BEGIN Extracted material
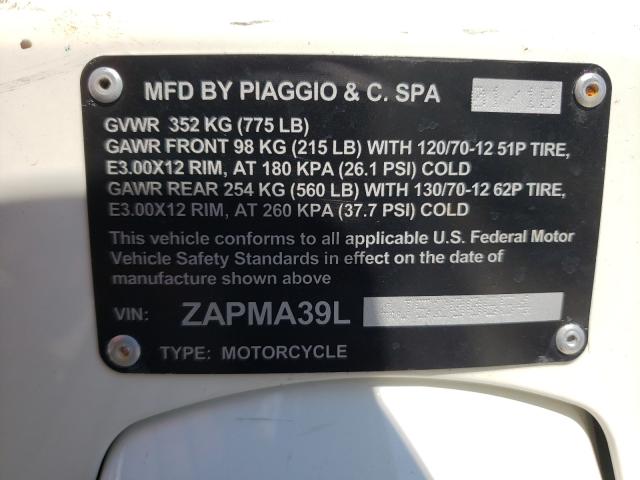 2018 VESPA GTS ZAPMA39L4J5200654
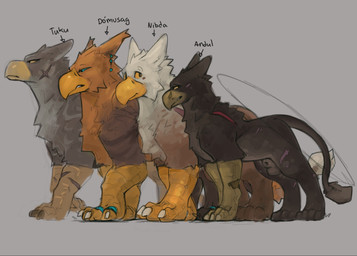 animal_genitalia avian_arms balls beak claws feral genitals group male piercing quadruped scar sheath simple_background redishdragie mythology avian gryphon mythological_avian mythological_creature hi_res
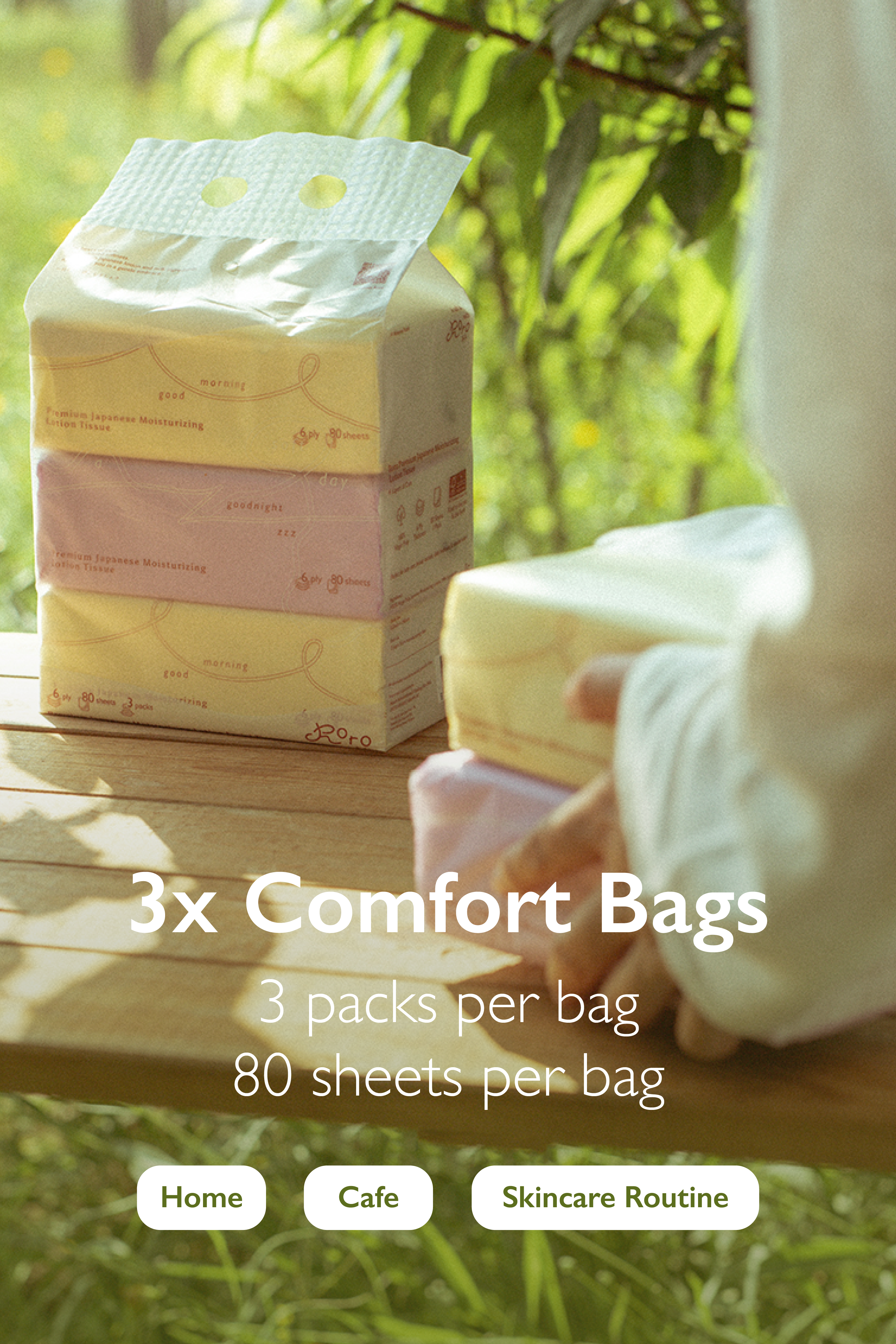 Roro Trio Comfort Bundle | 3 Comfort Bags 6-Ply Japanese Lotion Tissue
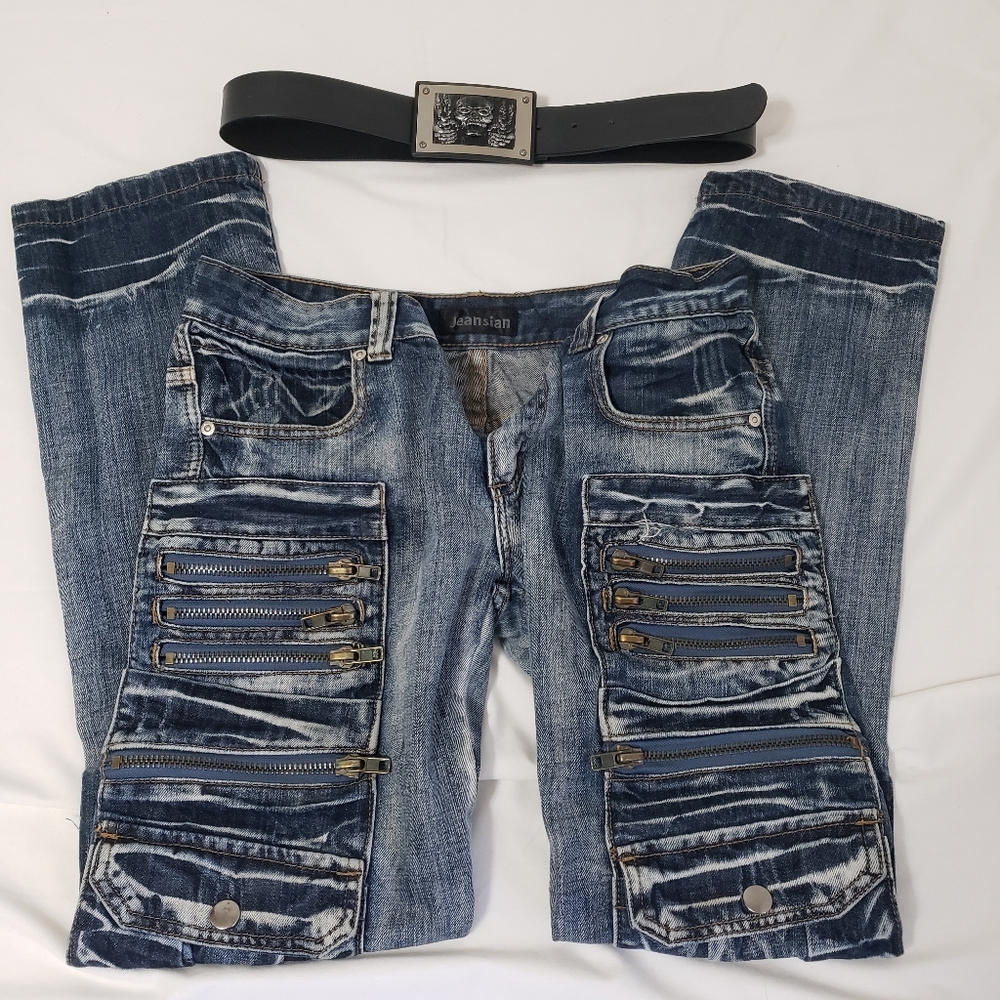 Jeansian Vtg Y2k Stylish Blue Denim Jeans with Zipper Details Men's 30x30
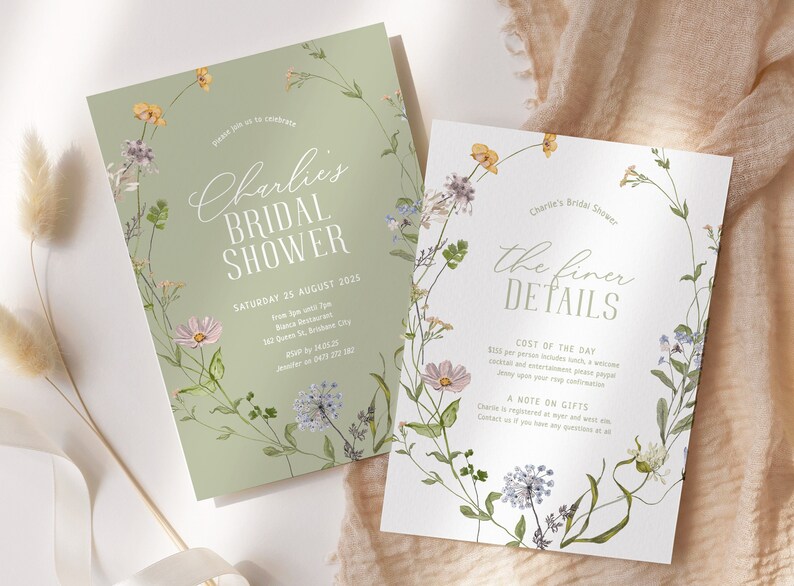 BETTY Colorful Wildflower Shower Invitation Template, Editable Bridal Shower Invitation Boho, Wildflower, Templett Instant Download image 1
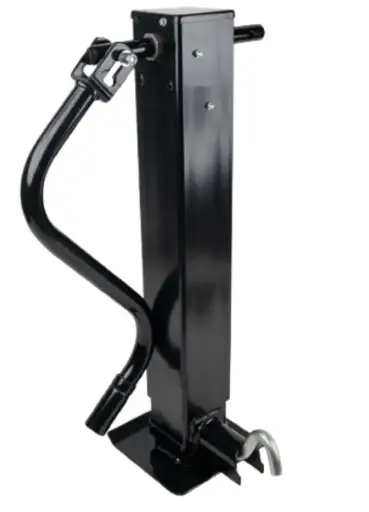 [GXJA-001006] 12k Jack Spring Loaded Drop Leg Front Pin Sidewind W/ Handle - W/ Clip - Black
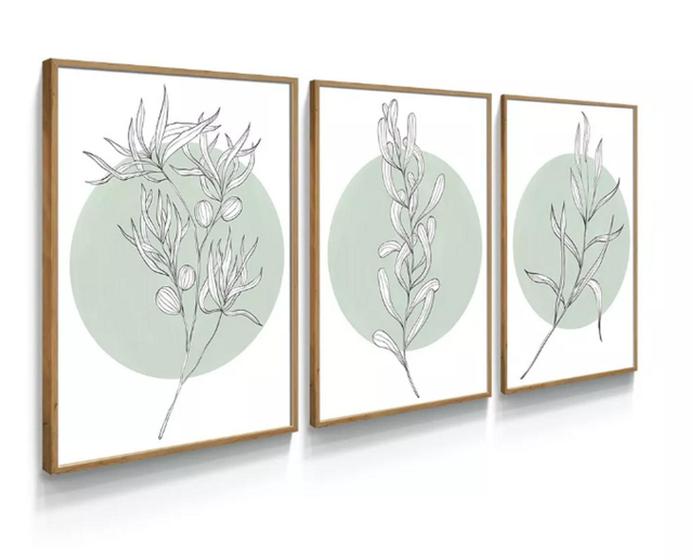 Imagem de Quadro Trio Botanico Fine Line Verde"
END Extracted material
Although the records contain pictures, print only the rest, exactly as written.

 2018 VESPA GTS ZAPMA39L4J5200654
 animal_genitalia avian_arms balls beak claws feral genitals group male piercing quadruped scar sheath simple_background redishdragie mythology avian gryphon mythological_avian mythological_creature hi_res
 Roro Trio Comfort Bundle | 3 Comfort Bags 6-Ply Japanese Lotion Tissue
 Jeansian Vtg Y2k Stylish Blue Denim Jeans with Zipper Details Men's 30x30
 BETTY Colorful Wildflower Shower Invitation Template, Editable Bridal Shower Invitation Boho, Wildflower, Templett Instant Download image 1
 [GXJA-001006] 12k Jack Spring Loaded Drop Leg Front Pin Sidewind W/ Handle - W/ Clip - Black
 Imagem de Quadro Trio Botanico Fine Line Verde"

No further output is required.